> **TO DO**: Once you reach the line containing "Позашляховик / Кросовер" in the data below, restate each line word for word up to and including the one containing "BEATLES, john Lennon".

** EXCERPTED DATA follows **

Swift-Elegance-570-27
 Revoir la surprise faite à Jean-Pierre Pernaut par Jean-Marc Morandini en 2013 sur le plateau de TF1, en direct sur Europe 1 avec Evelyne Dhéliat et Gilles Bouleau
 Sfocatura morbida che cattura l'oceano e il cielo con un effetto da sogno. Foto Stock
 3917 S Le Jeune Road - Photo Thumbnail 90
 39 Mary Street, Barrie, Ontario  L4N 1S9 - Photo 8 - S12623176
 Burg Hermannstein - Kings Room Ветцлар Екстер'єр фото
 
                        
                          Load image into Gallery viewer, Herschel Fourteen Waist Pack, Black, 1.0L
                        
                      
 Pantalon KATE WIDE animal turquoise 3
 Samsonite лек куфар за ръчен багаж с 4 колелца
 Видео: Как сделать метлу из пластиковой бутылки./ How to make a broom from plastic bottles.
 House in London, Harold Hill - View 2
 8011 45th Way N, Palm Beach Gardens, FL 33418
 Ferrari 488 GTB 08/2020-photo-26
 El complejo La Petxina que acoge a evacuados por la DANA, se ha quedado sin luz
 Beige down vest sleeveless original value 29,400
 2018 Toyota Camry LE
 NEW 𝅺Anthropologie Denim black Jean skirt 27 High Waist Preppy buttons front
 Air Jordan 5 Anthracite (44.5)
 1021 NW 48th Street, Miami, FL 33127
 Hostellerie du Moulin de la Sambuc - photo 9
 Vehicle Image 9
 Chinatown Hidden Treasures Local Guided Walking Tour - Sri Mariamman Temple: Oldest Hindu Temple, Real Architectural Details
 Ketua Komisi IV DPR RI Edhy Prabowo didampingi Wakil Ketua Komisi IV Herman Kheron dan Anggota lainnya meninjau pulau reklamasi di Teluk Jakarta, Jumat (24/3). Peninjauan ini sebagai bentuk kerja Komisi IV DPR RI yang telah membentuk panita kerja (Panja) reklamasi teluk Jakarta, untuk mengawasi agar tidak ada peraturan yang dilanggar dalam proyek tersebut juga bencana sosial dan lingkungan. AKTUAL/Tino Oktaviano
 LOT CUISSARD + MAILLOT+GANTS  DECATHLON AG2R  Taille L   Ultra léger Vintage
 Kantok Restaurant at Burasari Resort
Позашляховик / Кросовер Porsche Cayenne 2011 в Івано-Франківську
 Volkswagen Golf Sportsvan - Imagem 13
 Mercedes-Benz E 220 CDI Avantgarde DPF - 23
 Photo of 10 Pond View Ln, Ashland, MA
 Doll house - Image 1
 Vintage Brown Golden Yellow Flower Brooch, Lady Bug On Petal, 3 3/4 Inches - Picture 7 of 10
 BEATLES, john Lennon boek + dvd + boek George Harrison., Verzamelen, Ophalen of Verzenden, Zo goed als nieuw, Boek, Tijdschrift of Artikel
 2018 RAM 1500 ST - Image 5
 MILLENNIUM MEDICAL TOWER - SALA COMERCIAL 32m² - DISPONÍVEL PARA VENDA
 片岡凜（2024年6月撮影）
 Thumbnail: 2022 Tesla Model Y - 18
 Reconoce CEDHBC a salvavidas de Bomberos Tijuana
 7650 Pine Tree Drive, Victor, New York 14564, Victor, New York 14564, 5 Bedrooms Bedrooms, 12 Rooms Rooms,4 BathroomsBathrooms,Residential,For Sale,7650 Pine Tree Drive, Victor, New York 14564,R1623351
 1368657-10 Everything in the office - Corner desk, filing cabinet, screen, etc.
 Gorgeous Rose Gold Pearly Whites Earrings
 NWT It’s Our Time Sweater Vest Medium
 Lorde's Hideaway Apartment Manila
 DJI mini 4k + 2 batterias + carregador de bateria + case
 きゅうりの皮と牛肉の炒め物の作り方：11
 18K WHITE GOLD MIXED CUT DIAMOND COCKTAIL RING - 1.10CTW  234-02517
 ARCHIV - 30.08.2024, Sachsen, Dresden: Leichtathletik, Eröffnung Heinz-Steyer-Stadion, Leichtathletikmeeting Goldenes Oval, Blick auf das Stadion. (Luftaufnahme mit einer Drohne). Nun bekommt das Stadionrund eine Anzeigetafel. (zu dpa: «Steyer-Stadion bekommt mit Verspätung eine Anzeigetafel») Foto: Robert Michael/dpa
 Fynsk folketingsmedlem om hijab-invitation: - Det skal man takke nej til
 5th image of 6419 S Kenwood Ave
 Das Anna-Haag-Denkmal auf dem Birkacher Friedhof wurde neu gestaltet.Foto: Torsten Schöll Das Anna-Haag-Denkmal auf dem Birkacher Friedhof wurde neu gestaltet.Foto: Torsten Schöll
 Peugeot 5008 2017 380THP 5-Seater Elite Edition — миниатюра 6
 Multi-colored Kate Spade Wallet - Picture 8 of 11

** End of EXCERPTED DATA **

> **SOLUTION TO THIS TASK**:
Позашляховик / Кросовер Porsche Cayenne 2011 в Івано-Франківську
 Volkswagen Golf Sportsvan - Imagem 13
 Mercedes-Benz E 220 CDI Avantgarde DPF - 23
 Photo of 10 Pond View Ln, Ashland, MA
 Doll house - Image 1
 Vintage Brown Golden Yellow Flower Brooch, Lady Bug On Petal, 3 3/4 Inches - Picture 7 of 10
 BEATLES, john Lennon boek + dvd + boek George Harrison., Verzamelen, Ophalen of Verzenden, Zo goed als nieuw, Boek, Tijdschrift of Artikel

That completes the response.